Ils estiment que l'exigence d'objectivité et d'impartialité mais aussi la nécessité de l'inexistence d'un conflit d'intérêts sont les attributs qui font le juge et qui confèrent à un processus judiciaire une crédibilité. "Mais dans l'affaire Habré, affaire françafricaine par excellence, c'est la loi du plus fort qui s'applique. C'est la volonté politique qui s'impose en lieu et place de la loi", regrettent-ils.
De la plainte pour injures publiques de Sidiki Kaba
Lors de ce 12 mars, considéré comme la journée de la liquidation des recours de la défense de Habré, la plainte contre Sidiki Kaba pour injures publiques a été traitée. La défense de Habré souligne que le juge, après avoir bloqué plus d'un an la plainte, a finalement décidé que les propos du "bourreau du peuple tchadien" ne pouvaient pas être considérés comme outrageants.
Les avocats renseignent qu’un appel a été introduit. "Le ministre de la Justice a changé son fusil d'épaule. Désormais, il plaide qu'il est passible de la Haute Cour de justice". C’est dire donc qu’un "ministre peut insulter qui il veut et même tuer quelqu'un et dire qu'il ne peut être jugé que par la Haute cour de justice qui, pour se réunir a besoin du vote d'une résolution à l'Assemblée nationale !
Laquelle résolution peut ne pas être votée par les députés, si le ministre appartient au camp de la majorité. On imagine aisément le scandale", fulminent les avocats.
D’autant que, renseignent-ils, la loi dit clairement que le ministre n'est passible de la Haute cour de justice que pour les actes accomplis dans l'exercice normal de ses activités professionnelles et qui ont un rapport direct avec sa fonction. Les conseils de rappeler l’exemple du ministre français Hortefeux qui, pour avoir lancé des propos racistes, s’était vu condamner par la justice française, tout ministre qu'il fut.
De l’avis des défenseurs de Habré, "des ordres politiques ont été clairement donnés pour le lancement de ce train fou dans le but de se débarrasser de tous les recours introduits par les avocats du Président Habré et ce, au mépris du Droit et de la Justice".
Du faux de Mimi Touré
Le recours numéro trois a concerné le "faux" de Aminata Touré dite Mimi. L'arrêt du Conseil constitutionnel a fragilisé sa position, selon les avocats de l’ancien président tchadien.
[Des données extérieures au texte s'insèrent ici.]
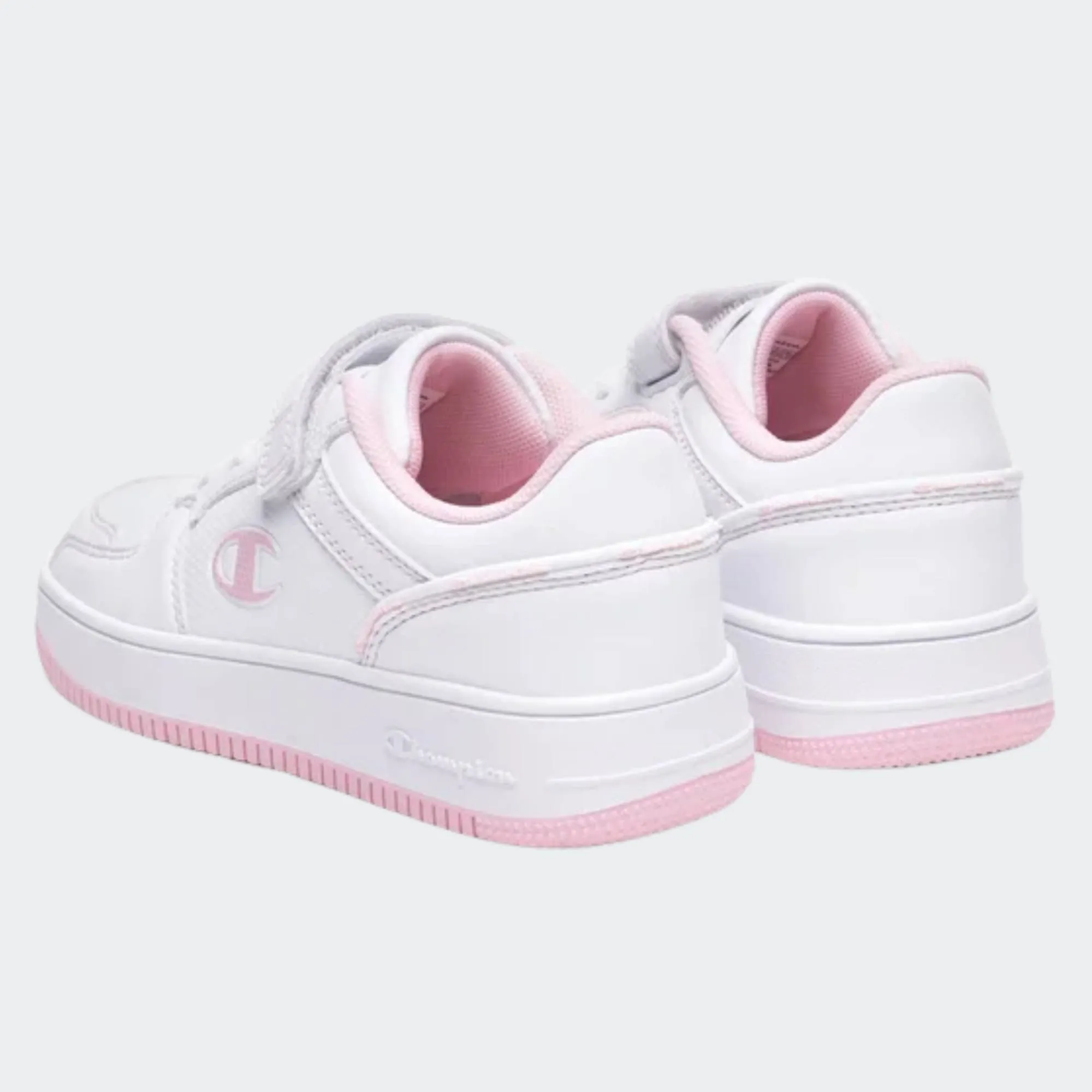CHAMPION RD18 2.0 LOW PRE SCHOOL LOW CUT SHOE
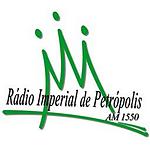 Rádio Imperial AM logo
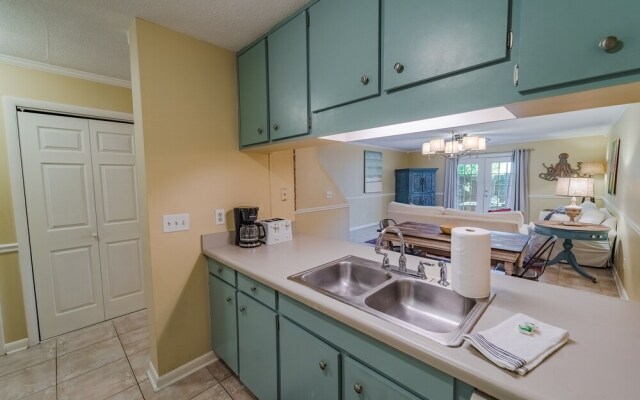 Tarpon 6, 3 Bedrooms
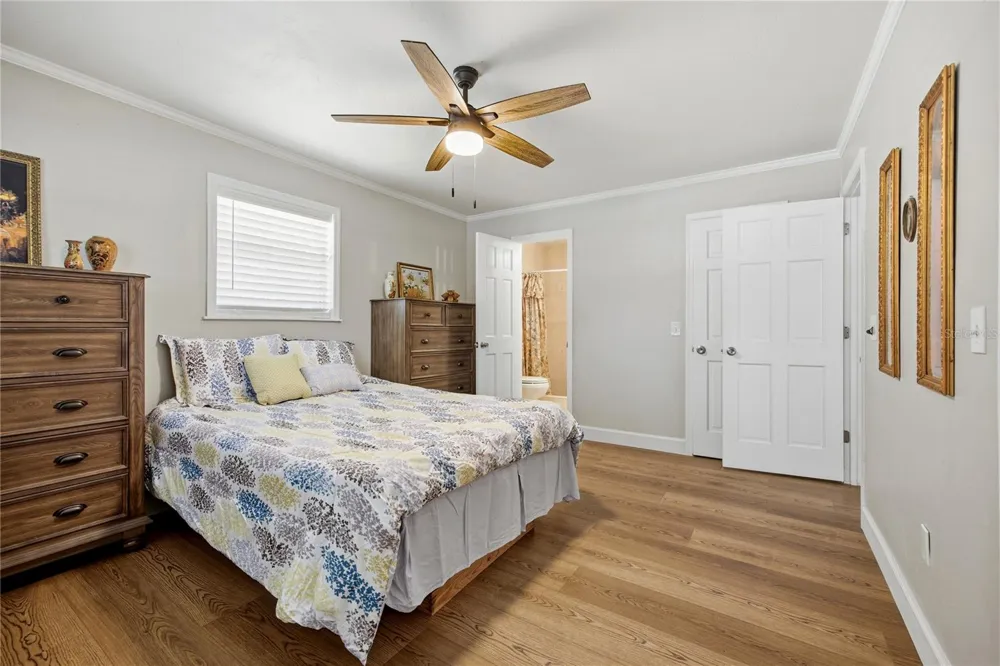 926 WOODLAWN STREET Starke, FL 32091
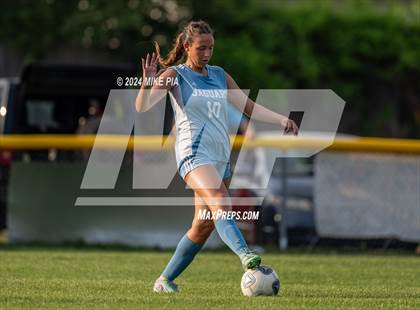 Thumbnail 3 in Overhills vs. Harnett Central photogallery.
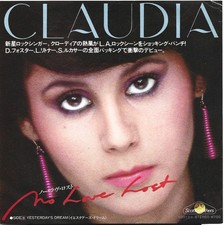 Claudia love lost usato Claudia love lost usato  Roma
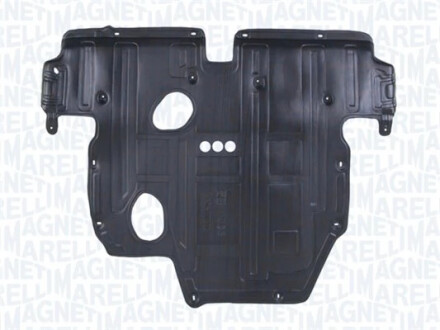 Кожух двигуна KIA Sorento MAGNETI MARELLI 021316939170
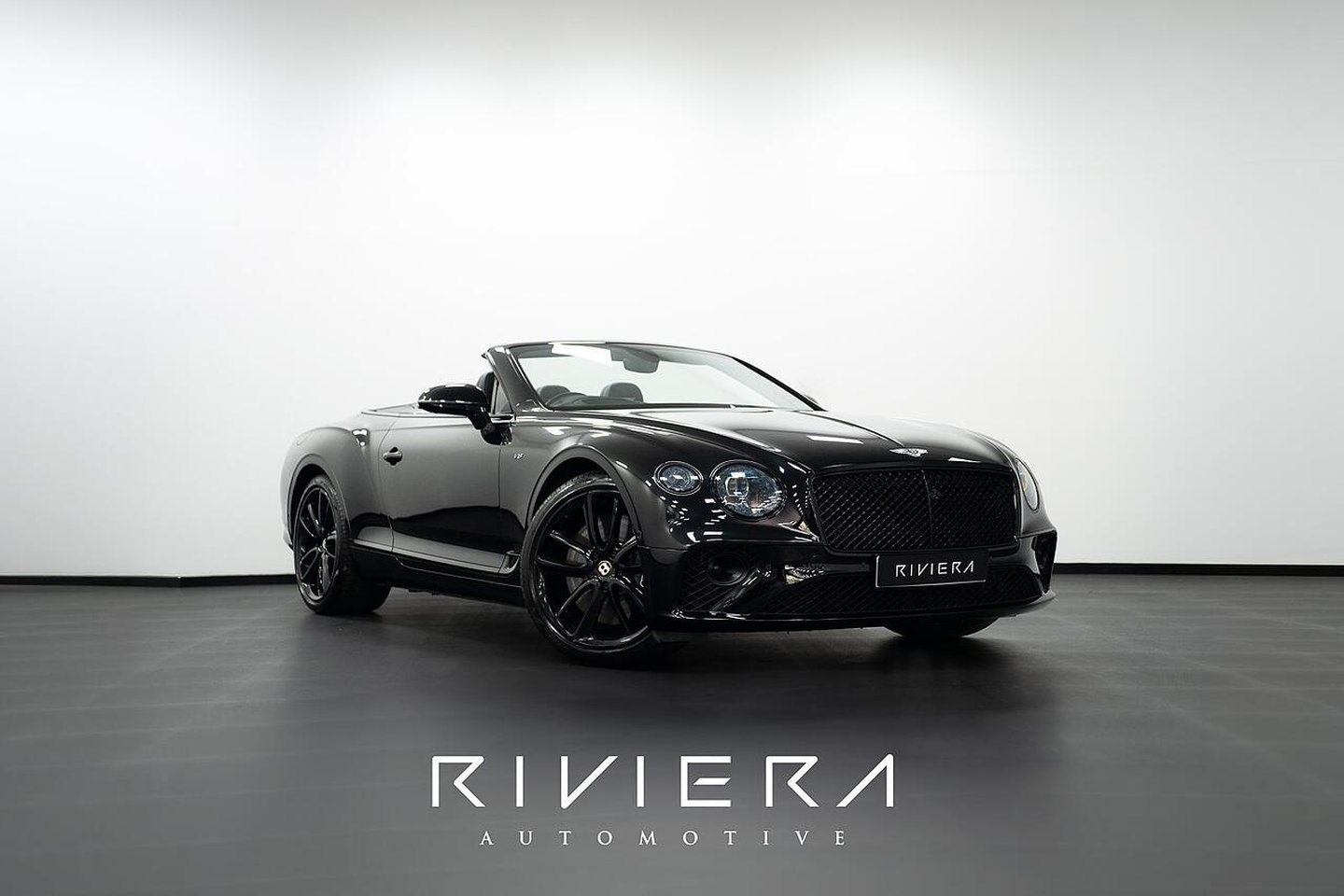 Bentley Continental 2020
Mais, ils restent convaincus qu’il est "certain qu'elle sera sauvée par le gong de la politique et des instructions données en conséquence de cause dans cette troublante affaire Habré".
D’en déduire que ce qu'il faut comprendre, "c'est qu'il est important pour le pouvoir de blanchir et d'organiser une totale impunité pour tous ceux ou celles qui, obéissant à ses instructions, ont eu les mains sales dans l'affaire Habré". La loi exige de Mme Touré d'être présente, pour que son avocat puisse avoir droit à la parole. Mais le constat, c’est que lors des deux précédentes audiences, elle ne s'est pas présentée et l'affaire fut renvoyée à une date ultérieure.
"Après Sidiki Kaba, la même chansonnette nous est jouée. Et quid de la déclaration officielle de l'ancien ministre des Affaires Etrangères, Alioune Badara Cissé, selon laquelle il n'a pas signé l'Accord de pleins pouvoirs brandi par Mme Touré ?", s’interrogent les avocats qui regrettent que "Madame Touré campe dans cette position d’impunité qu’elle a interdite à d’autres, en d’autres occasions".
Ils s’interrogent à nouveau : "Mépris de la justice de la part d’une ministre dont la fonction avait été d’en assurer le service. Il faut dire qu’elle avait clairement affirmé dans cette affaire de faux qu’elle avait agi sur instructions du président de la République !! N’était-ce pas la meilleure des défenses devant des magistrats nommés par le Président ?"
De l’avis des avocats de Habré, sur tous ces points, la justice sénégalaise a été mise à l'épreuve et elle a opté pour un véritable déni de justice.